The needed output is the run of lines below from the one containing "Bathroom Faucets with" through the one containing "Majestic Cleopatra with", copied exactly and free of pictures.

Record excerpts »
══════════════════════════════
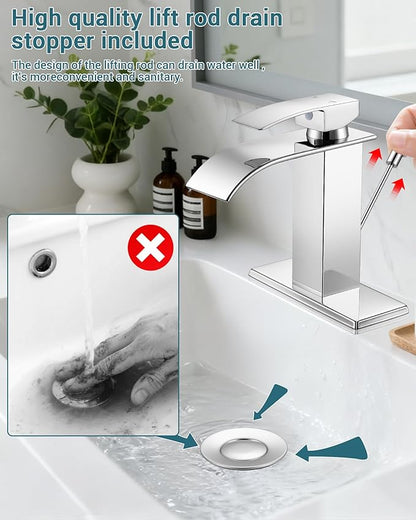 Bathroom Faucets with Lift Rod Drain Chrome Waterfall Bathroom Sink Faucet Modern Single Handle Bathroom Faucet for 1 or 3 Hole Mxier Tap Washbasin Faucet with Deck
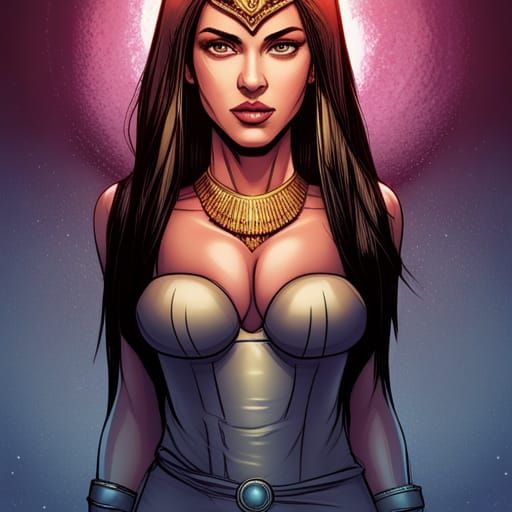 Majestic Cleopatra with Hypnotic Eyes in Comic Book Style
══════════════════════════════
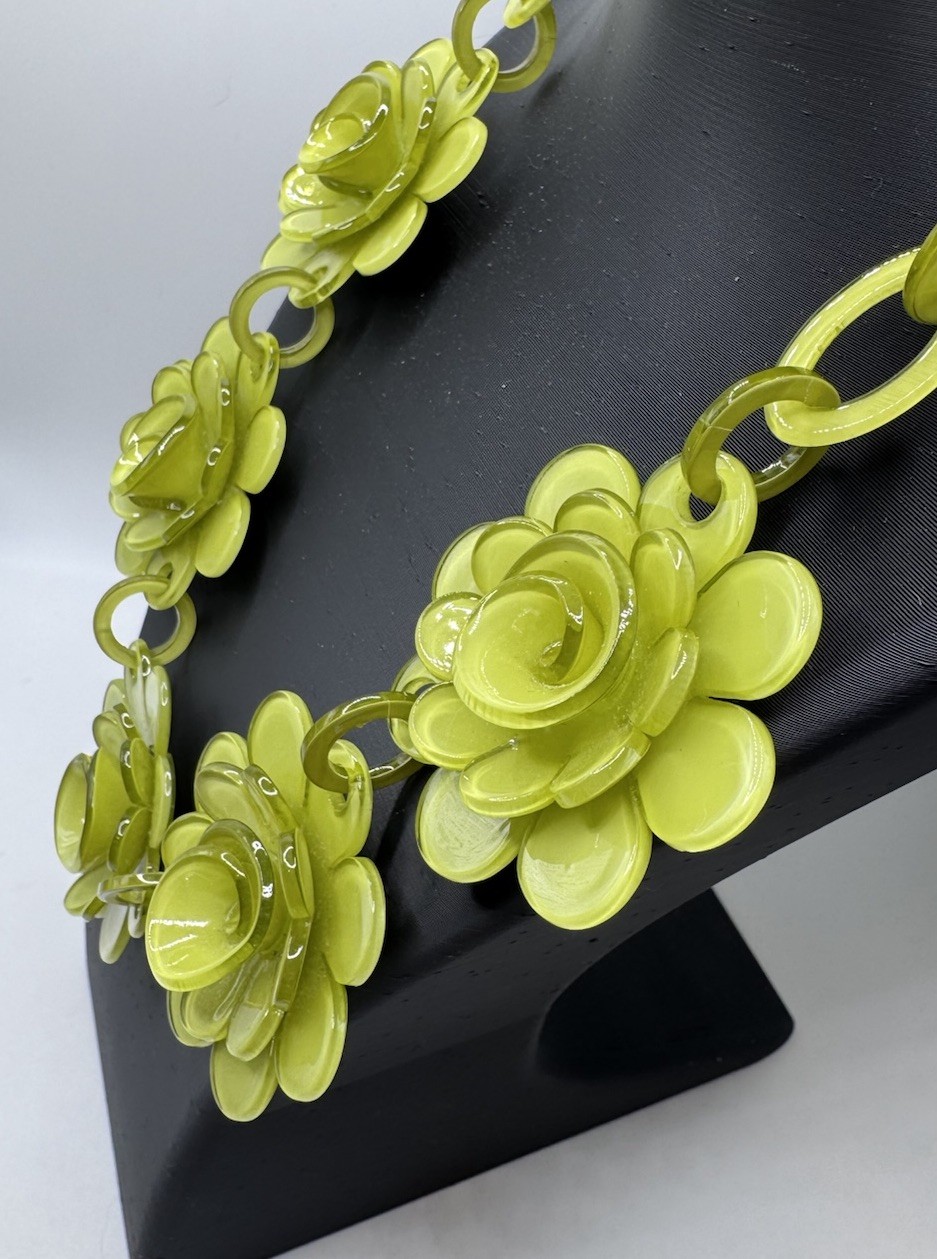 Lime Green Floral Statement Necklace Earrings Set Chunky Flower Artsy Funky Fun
══════════════════════════════
Response below »
 Bathroom Faucets with Lift Rod Drain Chrome Waterfall Bathroom Sink Faucet Modern Single Handle Bathroom Faucet for 1 or 3 Hole Mxier Tap Washbasin Faucet with Deck
 Majestic Cleopatra with Hypnotic Eyes in Comic Book Style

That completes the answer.